Patna, June 10: The foray of monsoon into Assam and northeastern states today prompted the Patna Met office to claim that Bihar is likely to receive normal rainfall this year.
In quantitative terms, the state is likely to receive 99 (±) 8 per cent of the long period average rainfall this year, which is 1024mm for June, July, August and September. On the contrary, the season rainfall for the country as a whole is likely to be 93 per cent of the long period average with a model error of (±) 4 per cent.
Monsoon is expected to be “marginally delayed” in Bihar. The rain-bearing winds are expected to enter the state around June 16 against it normal onset of June 11-13.
The evening monsoon bulletin of IMD today stated that monsoon had advanced into some parts of west-central Bay of Bengal, remaining parts of east-central and northeast Bay of Bengal, some parts of north-west Bay of Bengal, entire Nagaland, Manipur, Mizoram, Tripura, Assam, Meghalaya, Arunachal Pradesh and some parts of sub-Himalayan Bengal.
Meanwhile, the India Meteorological Department (IMD) continues to remain firm on its prediction that there is more than 70 per cent chance of the El Niño weather phenomenon influencing monsoon in India this year. El Niño — a Spanish word for Christ Child — is an abnormal warming of water in the equatorial Pacific Ocean every three to five years and it can last up to 18 months. This has been commonly associated in the past with poor rainfall in South Asia.

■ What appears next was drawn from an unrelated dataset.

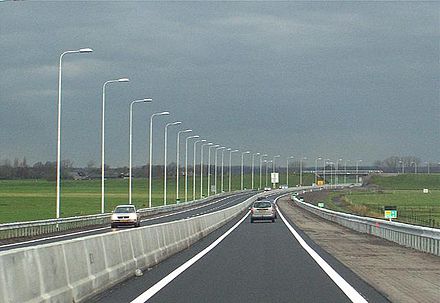 Single carriageway expressway that was economically upgraded to (mostly) meet the new Regional flow road standard. A physical traffic barrier, and a hard shoulder were added.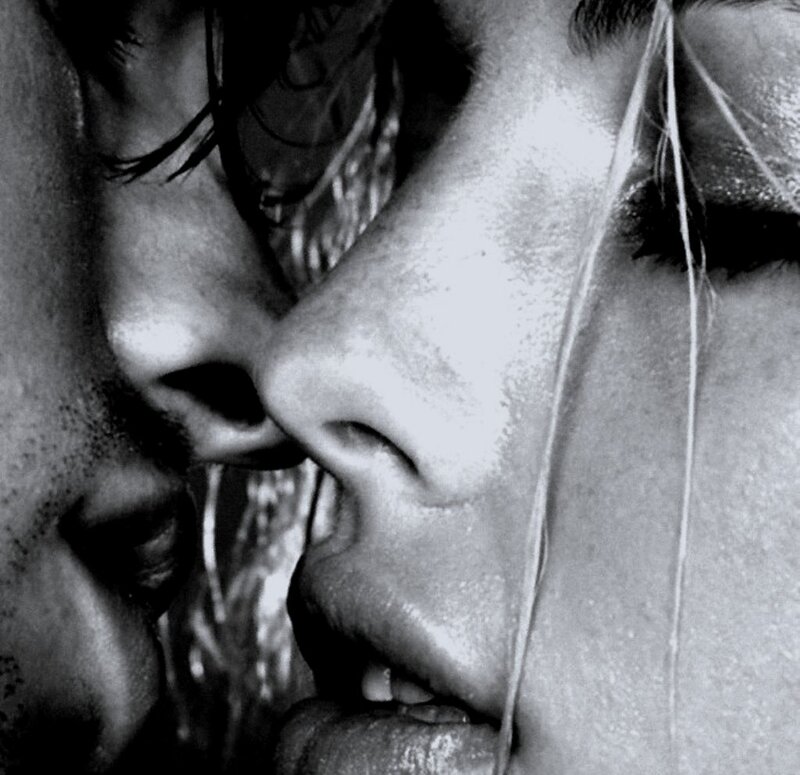 Close-up of Two Faces — Black, Intimate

Severe cases of El Niño (see chart), as in the 1997-98 and its related impact had caused deaths of hundreds of people and caused billions of dollars in damages in an estimated 15 countries, especially in the Panama Canal region and the east coast of Africa.
Ashish Sen, director, Patna meteorological centre, claimed that occurrence of El Niño does not necessarily mean that it would lead to drought conditions in Bihar. Based on data on sea surface temperature in the equatorial Pacific Ocean and monsoon rainfall in India between 1881 and 2013, Sen has recently studied the correlation between El Niño and drought conditions in India and particularly Bihar.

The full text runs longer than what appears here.